13 min readDec 2, 2022

a bowl filled with spaghetti and newspaper. the image is AI-generated, and therefore slightly surreal-looking. — a Stable Diffusion-generated image for the prompt “bowl filled with spaghetti and newspaper”

Disclaimer: this blog post describes how we’ve rationalised and improved our systems for article content. These systems were built by very skilled engineers making the best choices they could at the time with the resources available to them. This post is not a criticism of those engineers.

In June this year, we started a project to rearchitect how article content works for article pages on FT.com and the Financial Times mobile apps.
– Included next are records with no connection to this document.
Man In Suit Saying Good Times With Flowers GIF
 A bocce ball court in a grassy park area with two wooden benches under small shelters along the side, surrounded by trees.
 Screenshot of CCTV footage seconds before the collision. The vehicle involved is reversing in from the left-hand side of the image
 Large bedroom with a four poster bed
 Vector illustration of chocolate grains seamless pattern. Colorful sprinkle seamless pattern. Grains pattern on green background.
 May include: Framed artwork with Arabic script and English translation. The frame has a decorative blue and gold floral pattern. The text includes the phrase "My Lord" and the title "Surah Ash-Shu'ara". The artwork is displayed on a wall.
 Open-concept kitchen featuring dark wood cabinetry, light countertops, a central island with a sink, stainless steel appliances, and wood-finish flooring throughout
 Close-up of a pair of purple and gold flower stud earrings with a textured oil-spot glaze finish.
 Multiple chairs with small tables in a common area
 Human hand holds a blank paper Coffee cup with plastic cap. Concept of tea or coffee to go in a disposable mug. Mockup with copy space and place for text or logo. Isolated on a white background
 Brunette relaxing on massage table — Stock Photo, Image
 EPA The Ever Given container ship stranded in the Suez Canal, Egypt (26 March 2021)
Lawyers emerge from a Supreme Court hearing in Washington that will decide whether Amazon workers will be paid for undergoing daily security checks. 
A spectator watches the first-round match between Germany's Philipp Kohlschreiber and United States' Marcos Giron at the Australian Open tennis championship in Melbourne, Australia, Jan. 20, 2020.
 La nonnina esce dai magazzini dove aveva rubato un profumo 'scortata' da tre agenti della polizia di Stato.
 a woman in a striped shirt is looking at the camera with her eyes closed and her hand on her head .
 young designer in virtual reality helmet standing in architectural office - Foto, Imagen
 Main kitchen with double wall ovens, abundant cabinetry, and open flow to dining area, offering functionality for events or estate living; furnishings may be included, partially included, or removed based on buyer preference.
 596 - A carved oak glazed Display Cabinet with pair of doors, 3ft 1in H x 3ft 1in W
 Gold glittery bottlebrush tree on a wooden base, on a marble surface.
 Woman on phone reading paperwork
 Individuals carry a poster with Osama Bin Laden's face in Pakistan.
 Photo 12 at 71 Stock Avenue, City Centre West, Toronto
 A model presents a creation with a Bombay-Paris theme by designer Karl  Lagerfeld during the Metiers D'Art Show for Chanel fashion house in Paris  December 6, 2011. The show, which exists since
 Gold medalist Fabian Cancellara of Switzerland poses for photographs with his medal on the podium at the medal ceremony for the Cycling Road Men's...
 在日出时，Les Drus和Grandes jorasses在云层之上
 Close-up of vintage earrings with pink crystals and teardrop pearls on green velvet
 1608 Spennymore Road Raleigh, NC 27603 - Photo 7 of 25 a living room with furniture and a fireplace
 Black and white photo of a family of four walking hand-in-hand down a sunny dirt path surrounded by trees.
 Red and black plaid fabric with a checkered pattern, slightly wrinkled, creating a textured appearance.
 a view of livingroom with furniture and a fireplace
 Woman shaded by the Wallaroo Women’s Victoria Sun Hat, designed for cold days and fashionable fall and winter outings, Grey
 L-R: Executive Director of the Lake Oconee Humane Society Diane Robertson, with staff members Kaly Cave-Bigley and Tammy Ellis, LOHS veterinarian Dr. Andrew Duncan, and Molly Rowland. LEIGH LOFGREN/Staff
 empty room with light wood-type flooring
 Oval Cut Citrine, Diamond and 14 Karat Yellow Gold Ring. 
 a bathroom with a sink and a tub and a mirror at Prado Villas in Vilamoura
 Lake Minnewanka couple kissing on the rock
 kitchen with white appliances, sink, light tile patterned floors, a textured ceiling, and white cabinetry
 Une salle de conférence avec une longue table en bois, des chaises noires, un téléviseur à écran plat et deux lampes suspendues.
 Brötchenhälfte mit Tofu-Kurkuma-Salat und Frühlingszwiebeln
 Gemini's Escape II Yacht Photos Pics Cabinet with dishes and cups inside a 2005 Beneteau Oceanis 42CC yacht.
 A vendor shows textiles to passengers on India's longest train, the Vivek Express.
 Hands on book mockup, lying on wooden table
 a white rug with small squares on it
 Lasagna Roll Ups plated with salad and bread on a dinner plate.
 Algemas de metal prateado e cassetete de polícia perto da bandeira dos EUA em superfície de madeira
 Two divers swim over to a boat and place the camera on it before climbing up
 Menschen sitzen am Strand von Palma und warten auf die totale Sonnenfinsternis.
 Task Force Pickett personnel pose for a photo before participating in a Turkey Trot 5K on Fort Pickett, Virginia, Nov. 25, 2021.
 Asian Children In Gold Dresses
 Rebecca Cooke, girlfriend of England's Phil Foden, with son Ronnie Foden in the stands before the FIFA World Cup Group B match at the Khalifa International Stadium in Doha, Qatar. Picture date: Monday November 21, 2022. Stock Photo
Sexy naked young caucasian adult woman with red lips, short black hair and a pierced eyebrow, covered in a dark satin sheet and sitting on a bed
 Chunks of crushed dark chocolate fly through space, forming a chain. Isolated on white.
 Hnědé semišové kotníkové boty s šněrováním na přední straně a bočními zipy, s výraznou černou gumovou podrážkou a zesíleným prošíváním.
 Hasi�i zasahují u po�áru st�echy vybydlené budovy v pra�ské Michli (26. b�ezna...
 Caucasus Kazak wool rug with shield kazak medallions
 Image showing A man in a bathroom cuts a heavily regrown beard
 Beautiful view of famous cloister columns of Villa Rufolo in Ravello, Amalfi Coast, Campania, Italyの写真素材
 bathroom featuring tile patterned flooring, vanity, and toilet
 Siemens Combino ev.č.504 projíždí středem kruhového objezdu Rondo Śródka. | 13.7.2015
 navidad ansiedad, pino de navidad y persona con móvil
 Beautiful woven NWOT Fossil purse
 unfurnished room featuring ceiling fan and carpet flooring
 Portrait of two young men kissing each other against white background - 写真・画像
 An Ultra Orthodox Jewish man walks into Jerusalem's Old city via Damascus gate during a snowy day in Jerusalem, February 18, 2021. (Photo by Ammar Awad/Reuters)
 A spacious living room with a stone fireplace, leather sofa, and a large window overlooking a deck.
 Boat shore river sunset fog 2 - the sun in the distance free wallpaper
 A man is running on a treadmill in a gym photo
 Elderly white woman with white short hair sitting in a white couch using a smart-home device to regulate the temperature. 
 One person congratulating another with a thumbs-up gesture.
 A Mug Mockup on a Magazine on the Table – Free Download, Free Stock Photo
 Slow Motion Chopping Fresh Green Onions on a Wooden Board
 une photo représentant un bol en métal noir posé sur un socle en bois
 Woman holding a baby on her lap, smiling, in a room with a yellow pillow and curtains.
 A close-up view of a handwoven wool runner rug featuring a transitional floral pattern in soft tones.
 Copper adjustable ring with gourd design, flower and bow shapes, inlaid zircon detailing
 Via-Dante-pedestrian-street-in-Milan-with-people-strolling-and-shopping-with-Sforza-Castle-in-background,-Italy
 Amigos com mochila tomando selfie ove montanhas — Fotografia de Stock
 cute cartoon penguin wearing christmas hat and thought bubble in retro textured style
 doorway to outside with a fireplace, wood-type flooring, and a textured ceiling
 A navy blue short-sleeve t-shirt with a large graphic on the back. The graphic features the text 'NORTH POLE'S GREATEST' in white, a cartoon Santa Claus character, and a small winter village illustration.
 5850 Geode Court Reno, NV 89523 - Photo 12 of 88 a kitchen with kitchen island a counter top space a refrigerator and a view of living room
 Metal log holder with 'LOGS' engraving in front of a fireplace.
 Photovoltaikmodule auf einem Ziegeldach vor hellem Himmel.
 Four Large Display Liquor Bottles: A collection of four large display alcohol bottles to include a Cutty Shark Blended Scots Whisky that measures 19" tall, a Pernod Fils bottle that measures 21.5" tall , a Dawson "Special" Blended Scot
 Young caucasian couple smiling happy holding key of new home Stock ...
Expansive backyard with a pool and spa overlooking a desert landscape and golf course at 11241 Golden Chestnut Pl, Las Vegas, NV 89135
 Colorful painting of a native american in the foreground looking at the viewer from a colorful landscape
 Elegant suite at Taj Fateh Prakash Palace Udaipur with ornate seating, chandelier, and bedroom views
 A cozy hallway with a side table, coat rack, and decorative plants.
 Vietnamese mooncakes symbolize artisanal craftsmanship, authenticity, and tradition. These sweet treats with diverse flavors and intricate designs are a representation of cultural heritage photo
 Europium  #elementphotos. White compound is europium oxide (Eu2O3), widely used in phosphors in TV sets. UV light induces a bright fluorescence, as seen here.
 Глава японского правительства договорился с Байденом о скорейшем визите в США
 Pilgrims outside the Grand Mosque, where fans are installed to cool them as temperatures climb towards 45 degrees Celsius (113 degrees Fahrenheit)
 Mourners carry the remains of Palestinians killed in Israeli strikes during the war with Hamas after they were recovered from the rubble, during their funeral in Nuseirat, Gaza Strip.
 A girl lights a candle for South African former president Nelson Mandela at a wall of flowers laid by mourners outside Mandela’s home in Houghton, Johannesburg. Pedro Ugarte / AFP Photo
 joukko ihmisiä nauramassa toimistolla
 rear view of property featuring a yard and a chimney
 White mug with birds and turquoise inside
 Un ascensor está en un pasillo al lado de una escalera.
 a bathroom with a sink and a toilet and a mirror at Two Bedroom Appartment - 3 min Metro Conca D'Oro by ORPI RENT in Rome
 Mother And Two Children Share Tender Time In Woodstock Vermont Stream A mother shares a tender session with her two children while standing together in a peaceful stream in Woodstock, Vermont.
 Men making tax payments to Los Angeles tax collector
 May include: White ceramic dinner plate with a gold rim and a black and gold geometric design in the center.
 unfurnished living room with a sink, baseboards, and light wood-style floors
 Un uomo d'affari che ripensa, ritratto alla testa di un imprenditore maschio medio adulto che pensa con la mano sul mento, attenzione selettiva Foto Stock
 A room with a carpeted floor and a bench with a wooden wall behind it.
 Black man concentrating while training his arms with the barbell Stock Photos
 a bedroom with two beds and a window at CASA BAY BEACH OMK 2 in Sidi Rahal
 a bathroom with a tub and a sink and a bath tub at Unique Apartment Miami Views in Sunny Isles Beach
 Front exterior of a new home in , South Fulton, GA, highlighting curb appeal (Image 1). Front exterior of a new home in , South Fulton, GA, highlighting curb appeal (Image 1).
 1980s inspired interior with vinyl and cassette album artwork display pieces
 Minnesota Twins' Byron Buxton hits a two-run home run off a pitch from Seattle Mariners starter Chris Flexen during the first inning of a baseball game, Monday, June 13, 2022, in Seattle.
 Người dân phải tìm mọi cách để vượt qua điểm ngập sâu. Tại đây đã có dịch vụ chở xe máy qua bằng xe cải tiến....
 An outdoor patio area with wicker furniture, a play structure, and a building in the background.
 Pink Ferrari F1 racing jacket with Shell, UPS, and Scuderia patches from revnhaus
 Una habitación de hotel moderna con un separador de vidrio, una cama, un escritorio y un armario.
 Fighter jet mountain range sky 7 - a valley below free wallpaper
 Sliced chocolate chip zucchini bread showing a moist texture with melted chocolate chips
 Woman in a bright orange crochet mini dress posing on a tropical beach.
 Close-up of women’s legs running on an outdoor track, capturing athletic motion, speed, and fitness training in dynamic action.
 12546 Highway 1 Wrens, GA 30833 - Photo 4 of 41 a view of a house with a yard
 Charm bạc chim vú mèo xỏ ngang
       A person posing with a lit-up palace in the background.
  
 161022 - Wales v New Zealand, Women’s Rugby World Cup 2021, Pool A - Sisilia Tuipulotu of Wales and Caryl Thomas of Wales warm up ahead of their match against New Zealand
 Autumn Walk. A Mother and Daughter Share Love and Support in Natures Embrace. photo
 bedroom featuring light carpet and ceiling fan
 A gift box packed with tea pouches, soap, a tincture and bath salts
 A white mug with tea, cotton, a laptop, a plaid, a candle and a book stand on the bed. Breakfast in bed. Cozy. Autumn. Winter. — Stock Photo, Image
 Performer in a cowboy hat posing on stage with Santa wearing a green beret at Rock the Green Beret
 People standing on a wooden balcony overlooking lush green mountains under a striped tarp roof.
In this post, I’ll go into the details of what the problems were, how we decided what to do, and where we’ve ended up.

Would you like pesto, or ragù with that

In the years since the “Next FT” site rebuild, the content pipeline had grown organically, and was starting to look more like spaghetti. Developers tasked with building new article content features had no way of making informed decisions about how, or where, to implement them. Meanwhile, our product landscape had grown more complex, with FT.com engineers working much closer with the apps team, and this year’s launch of the Edit app.

The pipeline was fragmented across several different repos, systems, parts of systems, and libraries, the only way to build new features was all too often to shoehorn new code into somewhere it sort of made sense. HTML transforms and data requests were happening in several different places for one piece of content. On top of that, very little about the original decision-making that went into the pipeline had been written down for posterity.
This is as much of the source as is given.